彼の作風として美しいハーモニーを使ったミドルテンポの曲が多い。ポップミュージックにありがちな速いテンポでイケイケな感じではない。ちょっとおしゃれに、なんならしっとり聞かせるような曲が多い。いわゆるチル系と呼ばれるものだ。チルアウト(chill out)という熟語が由来だ。落ち着きとか安らぎとか、そういう意味だ。
そしてやけに唄が上手く聞こえる。可愛いだけじゃんって言われることが多い女性ミュージシャンを実力派なのだと思わせるのが上手い。アルバムに1曲あるだけでアーティストへの評価が大きく変わってくる曲だ。
そんな名プロデューサーのデヴ・ハインズが自分でアルバムを作ったのが今作である。
これがカーリーちゃんのいるやつ。可愛い…
例えば爽やかなチーズケーキのような
まず気付くのは女性シンガーの多さだ。もちろんデヴ・ハインズのソロなのだからデヴ・ハインズが唄うことが一番多い。しかし、やたら女性シンガーの参加が多い。
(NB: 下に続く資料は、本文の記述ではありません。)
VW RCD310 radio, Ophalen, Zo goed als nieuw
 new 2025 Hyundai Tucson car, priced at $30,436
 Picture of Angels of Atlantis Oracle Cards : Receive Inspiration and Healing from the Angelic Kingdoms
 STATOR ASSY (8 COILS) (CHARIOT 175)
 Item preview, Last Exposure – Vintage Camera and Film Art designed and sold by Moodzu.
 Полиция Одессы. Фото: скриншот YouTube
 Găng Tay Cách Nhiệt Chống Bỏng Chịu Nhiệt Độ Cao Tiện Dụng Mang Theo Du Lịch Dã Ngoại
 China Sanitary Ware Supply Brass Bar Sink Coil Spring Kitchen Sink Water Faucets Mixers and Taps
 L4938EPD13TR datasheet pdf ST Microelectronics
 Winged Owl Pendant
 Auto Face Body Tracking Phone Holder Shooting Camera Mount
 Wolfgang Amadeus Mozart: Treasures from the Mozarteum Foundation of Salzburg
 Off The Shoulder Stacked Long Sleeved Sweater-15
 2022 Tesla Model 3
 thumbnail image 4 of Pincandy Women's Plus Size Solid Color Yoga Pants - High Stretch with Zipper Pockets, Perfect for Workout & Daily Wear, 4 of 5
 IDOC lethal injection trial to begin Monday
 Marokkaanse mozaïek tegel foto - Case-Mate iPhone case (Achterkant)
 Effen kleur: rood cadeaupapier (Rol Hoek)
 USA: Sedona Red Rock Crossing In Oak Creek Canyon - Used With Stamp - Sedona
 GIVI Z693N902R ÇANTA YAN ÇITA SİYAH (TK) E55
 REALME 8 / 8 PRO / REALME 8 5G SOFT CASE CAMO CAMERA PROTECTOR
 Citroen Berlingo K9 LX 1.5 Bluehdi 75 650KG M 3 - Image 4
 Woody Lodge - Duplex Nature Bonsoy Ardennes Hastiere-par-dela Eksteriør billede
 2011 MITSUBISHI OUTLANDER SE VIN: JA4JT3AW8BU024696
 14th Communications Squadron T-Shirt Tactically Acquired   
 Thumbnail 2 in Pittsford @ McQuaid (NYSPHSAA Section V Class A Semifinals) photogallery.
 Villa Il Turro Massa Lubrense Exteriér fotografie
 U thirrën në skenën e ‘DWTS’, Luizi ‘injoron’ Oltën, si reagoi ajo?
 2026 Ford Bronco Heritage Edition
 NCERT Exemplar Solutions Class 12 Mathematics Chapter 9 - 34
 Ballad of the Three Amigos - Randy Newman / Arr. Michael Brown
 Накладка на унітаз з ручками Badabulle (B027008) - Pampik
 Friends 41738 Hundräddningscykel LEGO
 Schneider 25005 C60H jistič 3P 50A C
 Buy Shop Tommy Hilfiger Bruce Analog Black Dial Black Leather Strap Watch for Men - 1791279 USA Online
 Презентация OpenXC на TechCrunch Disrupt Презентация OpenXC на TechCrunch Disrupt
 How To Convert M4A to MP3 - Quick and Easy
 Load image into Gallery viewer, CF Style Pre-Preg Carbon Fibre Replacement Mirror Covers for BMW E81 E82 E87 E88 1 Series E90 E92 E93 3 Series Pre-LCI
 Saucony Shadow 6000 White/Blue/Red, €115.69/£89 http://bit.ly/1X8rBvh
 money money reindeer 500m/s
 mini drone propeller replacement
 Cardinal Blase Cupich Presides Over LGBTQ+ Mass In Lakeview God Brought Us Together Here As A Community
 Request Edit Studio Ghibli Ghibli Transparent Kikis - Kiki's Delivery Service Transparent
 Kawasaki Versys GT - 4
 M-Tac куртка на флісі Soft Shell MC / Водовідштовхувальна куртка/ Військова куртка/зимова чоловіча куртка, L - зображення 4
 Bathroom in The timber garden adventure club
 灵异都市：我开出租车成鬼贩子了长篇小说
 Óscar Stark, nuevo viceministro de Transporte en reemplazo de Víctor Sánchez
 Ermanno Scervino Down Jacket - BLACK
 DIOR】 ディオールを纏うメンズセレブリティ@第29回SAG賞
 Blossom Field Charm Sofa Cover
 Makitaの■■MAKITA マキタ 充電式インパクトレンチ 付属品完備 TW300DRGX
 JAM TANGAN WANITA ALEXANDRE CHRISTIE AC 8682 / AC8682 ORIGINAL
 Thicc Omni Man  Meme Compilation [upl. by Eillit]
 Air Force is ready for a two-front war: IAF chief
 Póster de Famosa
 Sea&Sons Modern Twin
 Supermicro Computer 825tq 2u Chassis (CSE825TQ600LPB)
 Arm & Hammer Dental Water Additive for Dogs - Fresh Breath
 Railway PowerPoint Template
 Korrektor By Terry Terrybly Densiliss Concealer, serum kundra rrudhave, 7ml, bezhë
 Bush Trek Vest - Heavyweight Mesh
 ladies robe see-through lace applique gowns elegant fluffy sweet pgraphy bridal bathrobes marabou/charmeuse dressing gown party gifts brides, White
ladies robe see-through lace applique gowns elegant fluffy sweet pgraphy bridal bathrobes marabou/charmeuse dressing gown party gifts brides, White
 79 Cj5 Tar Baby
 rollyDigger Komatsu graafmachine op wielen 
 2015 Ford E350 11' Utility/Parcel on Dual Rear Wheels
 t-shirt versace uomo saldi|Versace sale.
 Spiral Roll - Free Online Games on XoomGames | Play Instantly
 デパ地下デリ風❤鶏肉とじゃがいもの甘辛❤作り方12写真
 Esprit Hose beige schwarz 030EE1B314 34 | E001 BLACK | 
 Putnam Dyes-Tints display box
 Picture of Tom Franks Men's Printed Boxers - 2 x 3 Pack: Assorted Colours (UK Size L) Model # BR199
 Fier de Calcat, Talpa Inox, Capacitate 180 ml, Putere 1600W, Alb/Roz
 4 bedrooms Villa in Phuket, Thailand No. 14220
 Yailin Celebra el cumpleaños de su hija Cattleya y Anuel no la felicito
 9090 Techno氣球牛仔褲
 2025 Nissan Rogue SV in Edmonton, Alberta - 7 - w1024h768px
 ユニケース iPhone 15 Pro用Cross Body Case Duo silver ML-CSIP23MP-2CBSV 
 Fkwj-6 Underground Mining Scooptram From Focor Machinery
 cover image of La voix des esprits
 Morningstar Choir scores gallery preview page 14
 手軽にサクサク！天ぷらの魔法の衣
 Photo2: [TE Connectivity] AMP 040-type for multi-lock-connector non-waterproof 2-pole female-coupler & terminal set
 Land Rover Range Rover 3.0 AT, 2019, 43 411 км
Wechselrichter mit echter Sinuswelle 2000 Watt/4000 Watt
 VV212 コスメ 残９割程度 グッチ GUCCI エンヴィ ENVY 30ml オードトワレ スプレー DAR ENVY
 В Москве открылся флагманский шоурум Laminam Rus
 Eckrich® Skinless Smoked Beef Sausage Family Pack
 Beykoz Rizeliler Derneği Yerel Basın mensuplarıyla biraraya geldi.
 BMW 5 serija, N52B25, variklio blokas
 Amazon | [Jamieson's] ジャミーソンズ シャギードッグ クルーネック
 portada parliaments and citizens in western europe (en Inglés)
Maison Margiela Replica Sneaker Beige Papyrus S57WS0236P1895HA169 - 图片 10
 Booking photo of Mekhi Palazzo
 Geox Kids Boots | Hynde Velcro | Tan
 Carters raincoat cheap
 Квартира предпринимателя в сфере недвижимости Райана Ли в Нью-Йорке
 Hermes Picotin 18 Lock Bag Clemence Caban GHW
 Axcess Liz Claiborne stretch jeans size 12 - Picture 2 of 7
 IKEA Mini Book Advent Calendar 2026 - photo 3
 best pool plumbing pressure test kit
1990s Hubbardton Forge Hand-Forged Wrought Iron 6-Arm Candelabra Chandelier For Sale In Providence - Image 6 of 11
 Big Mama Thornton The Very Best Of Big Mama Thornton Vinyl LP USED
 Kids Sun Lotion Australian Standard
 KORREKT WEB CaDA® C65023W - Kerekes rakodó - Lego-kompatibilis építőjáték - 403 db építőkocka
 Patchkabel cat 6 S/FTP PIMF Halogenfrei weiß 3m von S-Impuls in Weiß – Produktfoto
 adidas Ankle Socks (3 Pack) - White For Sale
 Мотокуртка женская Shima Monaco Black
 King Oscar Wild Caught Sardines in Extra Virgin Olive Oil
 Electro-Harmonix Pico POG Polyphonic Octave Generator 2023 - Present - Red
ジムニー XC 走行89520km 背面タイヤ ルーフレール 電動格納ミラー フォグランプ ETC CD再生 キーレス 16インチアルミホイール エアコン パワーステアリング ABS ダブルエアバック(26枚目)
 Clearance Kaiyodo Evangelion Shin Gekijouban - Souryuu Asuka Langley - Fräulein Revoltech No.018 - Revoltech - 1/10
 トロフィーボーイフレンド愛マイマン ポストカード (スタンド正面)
特筆すべきはその女性シンガーの使い方が非常に上手いことだ。個性を活かしつつチル系に綺麗にまとめている。上手い。ちなみにカーリー・レイ・ジェプセンも参加してる。もちろん決して『I Really Like You』みたいな感じではない。リーリーリーリーとか言ってない。めちゃくちゃオシャレ。カーリーちゃんってこんなにアンニュイな感じだっけってなる。ハスキーボイスで芸術的な印象すらある。すごく良い。インスタとかしてなさそう。
そしてセンスに溢れている。洗練されていて美しい。全体的にはR&Bやソウル系のブラックミュージックの雰囲気を落ち着いたチルミュージックにまとめている。ただ、黒すぎないのが面白い。ビートはエレクトロっぽくてすっきりしている。エレポップみたいな印象の曲もある。いわゆるブラックミュージックってビートのクセがあるし熱量が大きすぎたりする。もちろんそれが良いのも事実だが、ちょっと胃もたれするような感じもある。それをスッキリと綺麗にまとめあげているのだ。しっかりと濃厚で一口の満足感がありながら、スッキリとした余韻を持たせるから飽きが来ない。チーズケーキみたいだ。
チル系にありがちな退屈さもない。テンポが早くないし派手でもないのに聴かせられる。ちょっとずつ面白い音が入っていたり、そもそもメロディやハーモニーが綺麗に入ってるからこそって感じだ。飽きが来ない。完成度の高さがあるからこそ為せる技だ。
完成度の高さが凄まじい
そりゃあベストアルバムにも選ばれる。チル系の歴史に残るべき名盤だ。プリンスやカーティス・メイフィールドのような雰囲気を持ちながらスマートで洗練されている。都会的で派手過ぎない。素晴らしい作品だ。
去年が初の来日だったのだが、恵比寿ガーデンホールがソールドアウトした。それがサマソニに来る。広告の打たれ方を見ると多分夕方くらいの時間帯だろうから他と被って悩ましいってこともないと思う。
サマソニに行くなら是非、そうでなくてもこのアルバムは名作だ。